United States District Court, Northern District of Illinois, Eastern Division


May 8, 2003

UNITED STATES OF AMERICA, PLAINTIFF, MAURICE RAMSEY, DEFENDANT

The opinion of the court was delivered by: John W. Darrah, United States District Judge

MEMORANDUM OPINION AND ORDER

On June 3, 2002, Defendant, Maurice Ramsey ("Ramsey"), appeared before this Court and pled guilty to two counts of uttering and possessing a counterfeited security in violation of 18 U.S.C. § 513 (a). Ramsey made a "blind" plea, meaning that there was no written plea agreement. Ramsey subsequently filed an Amended Motion to Withdraw Guilty Plea. For the reasons that follow, Ramsey's Amended Motion to Withdraw Guilty Plea is denied.

BACKGROUND

At the June 3, 2002 plea hearing, after questioning Ramsey and counsel, the Court found that Ramsey was competent to plead guilty. Both the Assistant United States Attorney prosecuting this case and Ramsey's then-counsel, Ronald Clark, stated that they believed that Ramsey was competent to enter a plea of guilty.

In response to the Court's questions, Ramsey testified, under oath, as follows.

THE COURT: Mr. Ramsey, have you had enough time to discuss this matter with Mr. Clark, your lawyer?
THE DEFENDANT: Yes, Your Honor.

THE COURT: Are you satisfied with the advice and the efforts of Mr. Clark on your behalf as your attorney?
THE DEFENDANT: Yes, Your Honor.

THE COURT: Now, there was an issue earlier on in these proceedings when you corresponded with me. Do you recall that?
THE DEFENDANT: Yes.

THE COURT: And you raised some questions about the representation you were receiving from Mr. Clark. Do you still have those fears?
THE DEFENDANT: No, Your Honor.

THE COURT: Do you still have those concerns?

THE DEFENDANT: No.

THE COURT: Is there anything about the representation Mr. Clark has afforded you that you think has been less than adequate?
THE DEFENDANT: No, Your Honor.

THE COURT: You believe tat he has served your interests as your lawyer and done that well?
THE DEFENDANT: Yes, Your Honor.

THE COURT: Are you satisfied with his advice and with the efforts he's made on your behalf in this case?
THE DEFENDANT: Yes, Your Honor.

(Tr. at 5-6.)

The Court then asked Ramsey whether he intended to plead guilty to Counts 1 and 10 of the superseding indictment, and Ramsey stated that he did. Ramsey also stated that his attorney had explained the nature of the charges set out in Counts 1 and 10. The Court then questioned Ramsey as follows.

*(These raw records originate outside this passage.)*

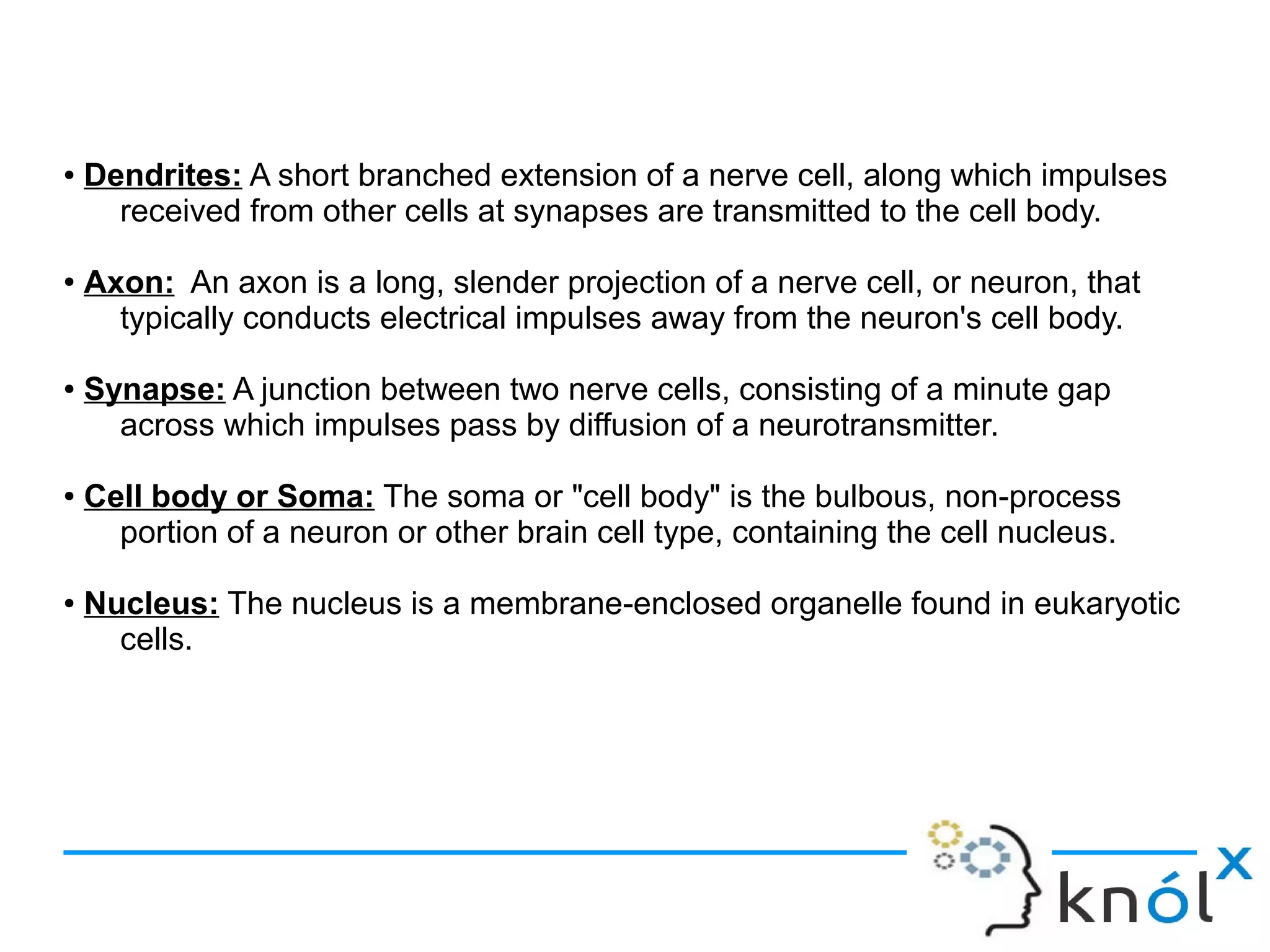 ● Dendrites: A short branched extension of a nerve cell, along which impulses
received from other cells at synapses are transmitted to the cell body.
● Axon: An axon is a long, slender projection of a nerve cell, or neuron, that
typically conducts electrical impulses away from the neuron's cell body.
● Synapse: A junction between two nerve cells, consisting of a minute gap
across which impulses pass by diffusion of a neurotransmitter.
● Cell body or Soma: The soma or "cell body" is the bulbous, non-process
portion of a neuron or other brain cell type, containing the cell nucleus.
● Nucleus: The nucleus is a membrane-enclosed organelle found in eukaryotic
cells.
 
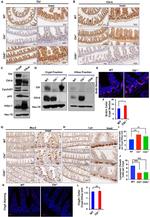 MUC2 Antibody in Immunohistochemistry (Paraffin) (IHC (P))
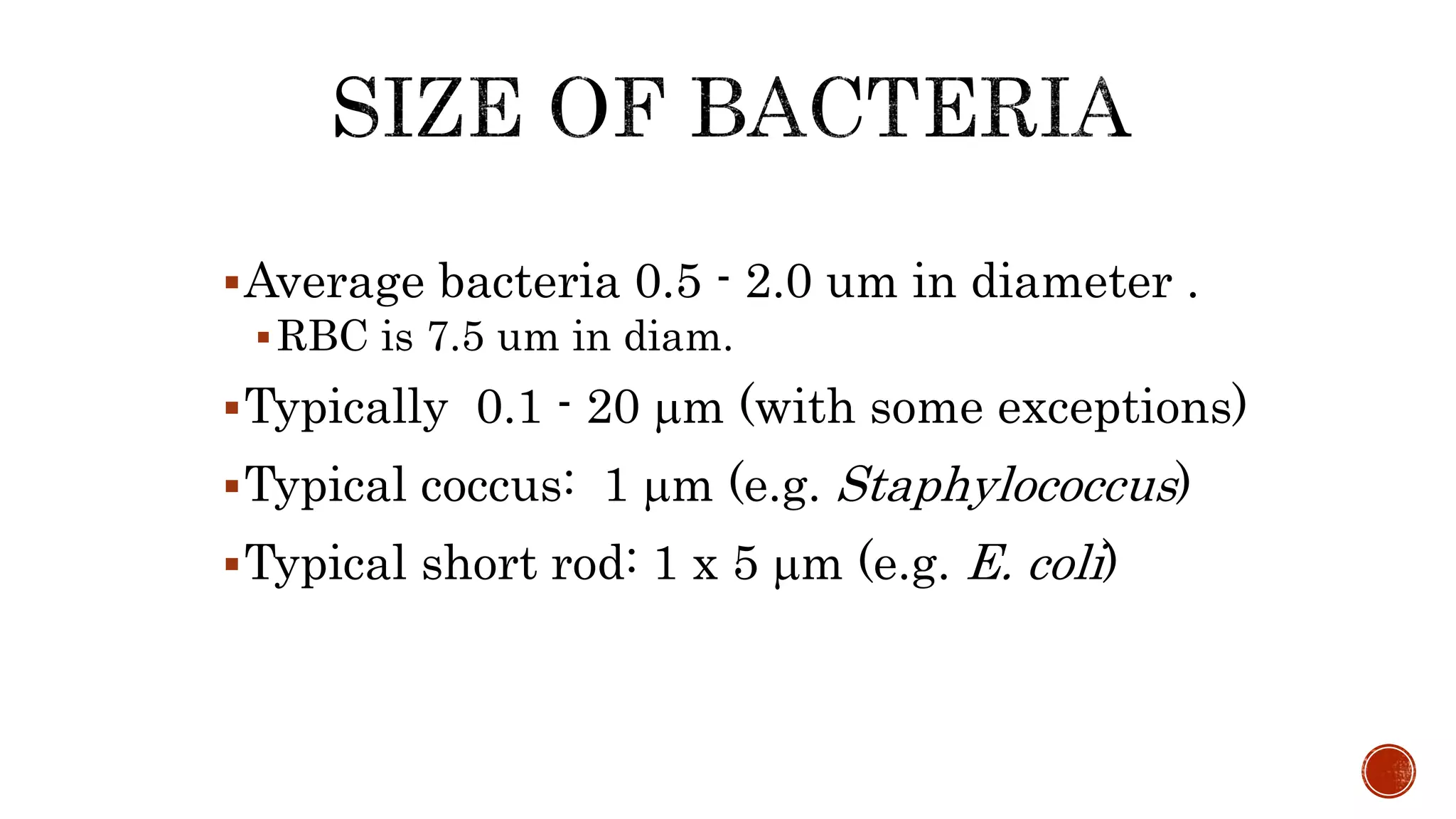 Average bacteria 0.5 - 2.0 um in diameter .
RBC is 7.5 um in diam.
Typically 0.1 - 20 m (with some exceptions)
Typical coccus: 1 m (e.g. Staphylococcus)
Typical short rod: 1 x 5 m (e.g. E. coli)
 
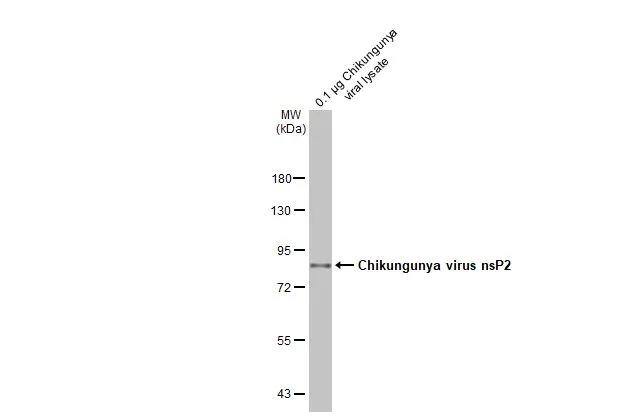 Chikungunya Virus nsp2 Antibody (HL1431) - Azide and BSA Free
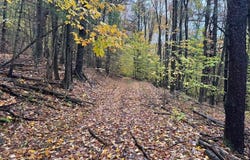 Co Rd 5, Genesee, NY 14770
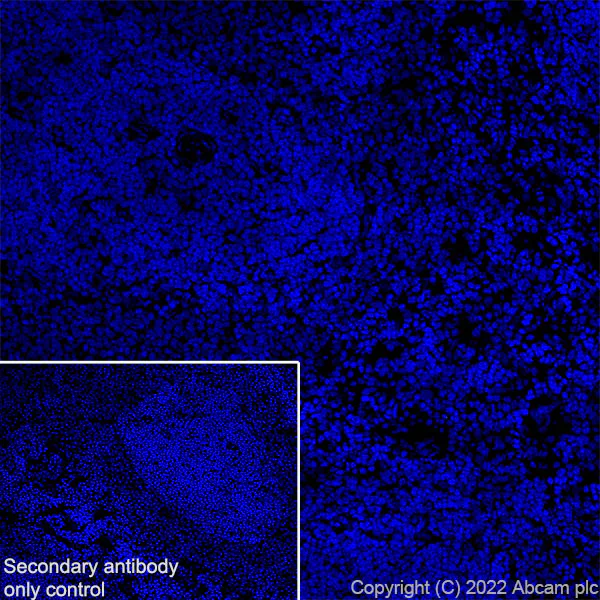 Immunohistochemistry (Frozen sections) - Anti-TRPV1 antibody [EPR25057-67] - BSA and Azide free (AB305300)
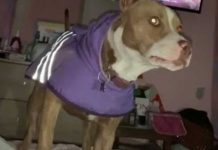 «La que ladre es hetero»: Perrita «queer» se torna viral en TikTok "La que ladre es hetero": Perrita "queer" se torna viral en TikTok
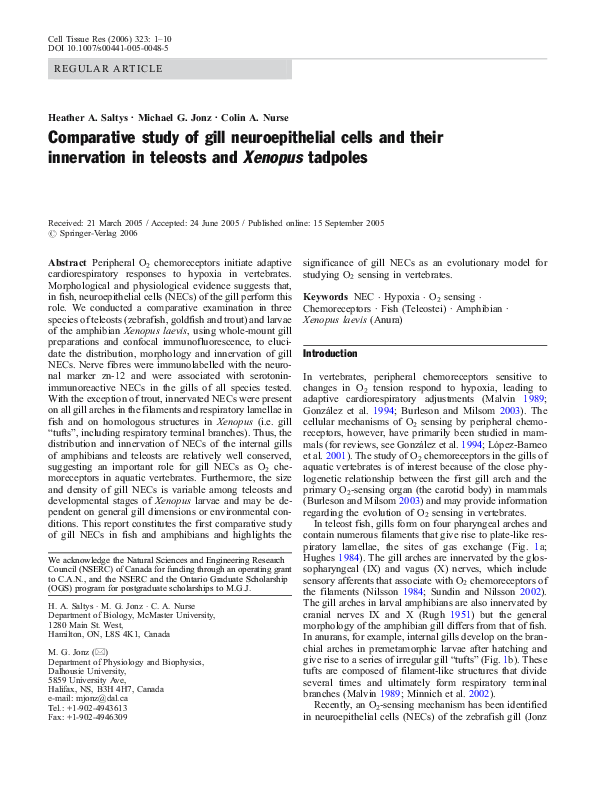 (PDF) Comparative study of gill neuroepithelial cells and their ...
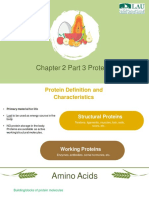 Chapter 2 Part 3 Proteins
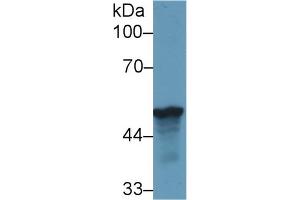 Western blot analysis of Human HepG2 cell lysate, using Rat LRG1 Antibody (1 µg/ml) and HRP-conjugated Goat Anti-Rabbit antibody ( (LRG1 Antikörper  (AA 39-308))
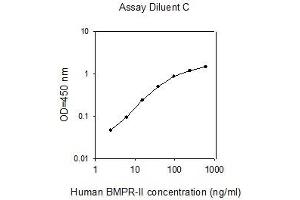 ELISA image for Bone Morphogenetic Protein Receptor, Type II (serine/threonine Kinase) (BMPR2) ELISA Kit (ABIN4881982) (BMPR2 ELISA Kit)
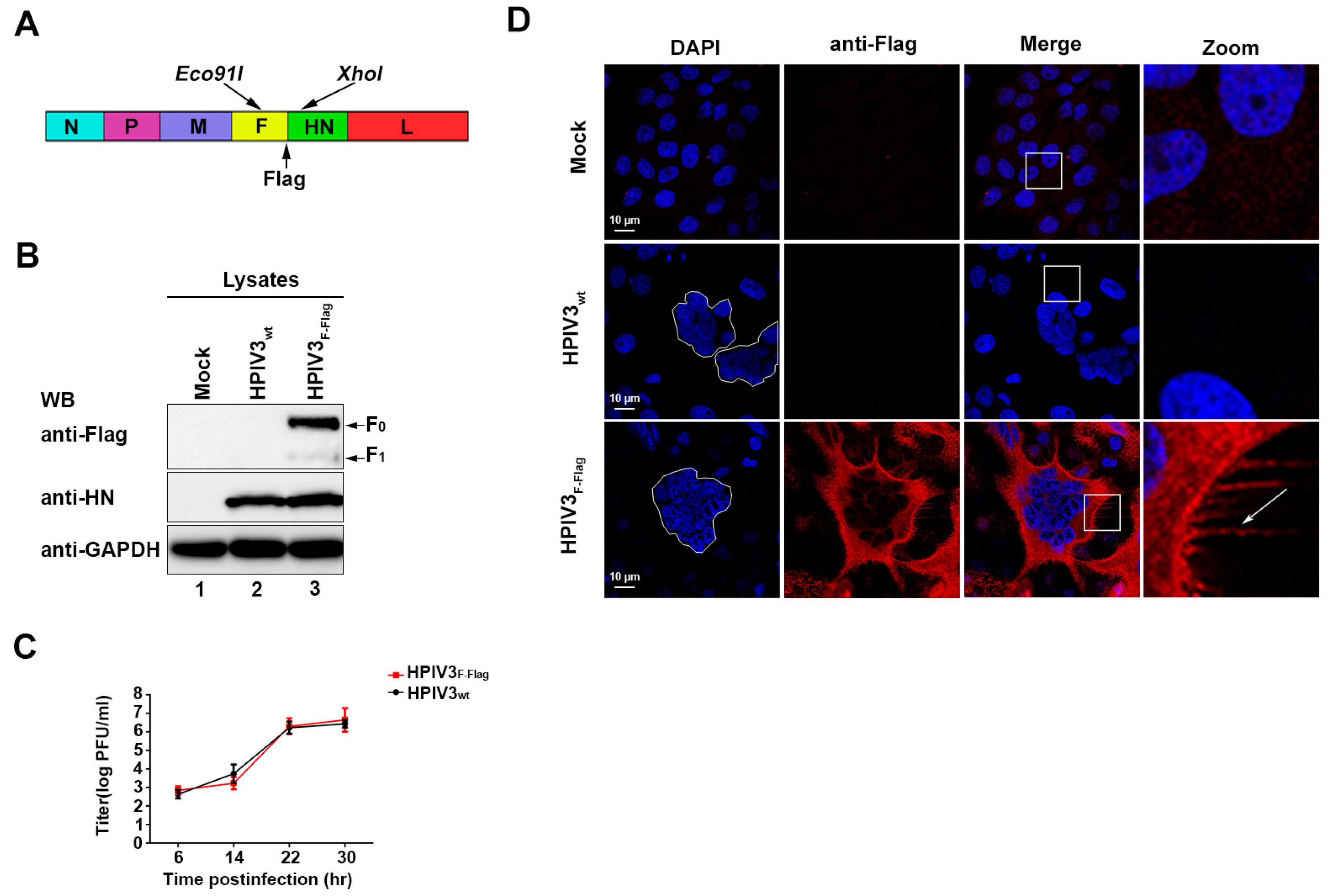 Viruses 11 00438 g002 Viruses 11 00438 g002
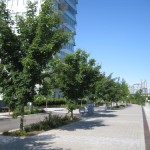 Free With Your Purchase of Silva Cells…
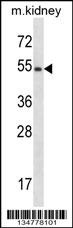 Frk Antibody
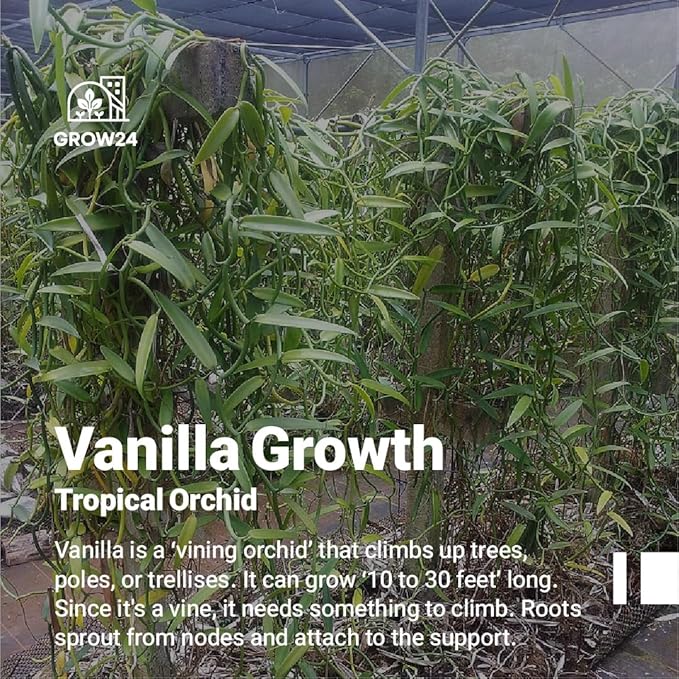 GROW24 Live Vanilla Orchid Plant Starter (Vanilla planifolia), Tissue Culture Source and Free pathogen, 2 Pack of 5 pots (3)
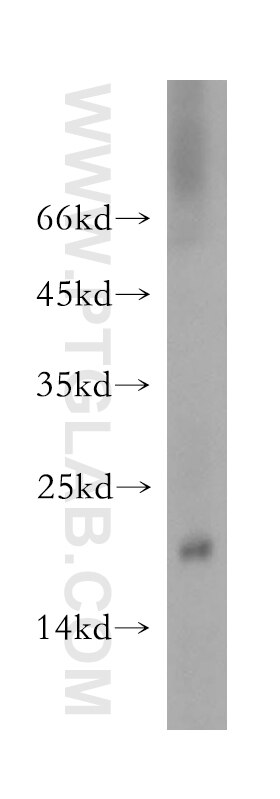 Western Blot (WB) analysis of mouse liver tissue using RNASE13 Polyclonal antibody (18408-1-AP)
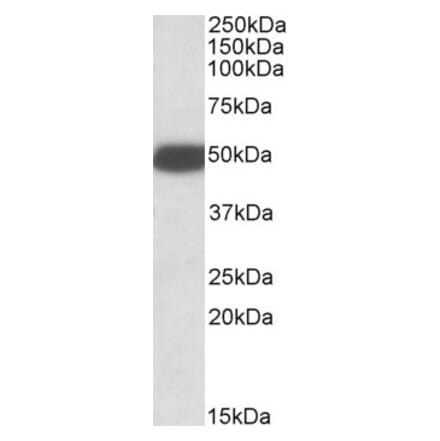 Western Blot - Anti-5HT3B Receptor Antibody (A84964) - Antibodies.com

THE COURT: Mr. Ramsey, do you understand the nature of the charges set out in Count 10?
THE DEFENDANT: Yes, Your Honor.

THE COURT: Do you have any question at all about the nature of the charges in Count 10?
THE DEFENDANT: No, Your Honor.

THE COURT: Do you have any question at all about the nature of the charges in Count 1?
THE DEFENDANT: No, Your Honor.

(Tr. at 8.)

The Court then explained to Ramsey that he was waiving his right to a jury trial by pleading guilty to Counts 1 and 10. The Court questioned Ramsey, in pertinent part, as follows.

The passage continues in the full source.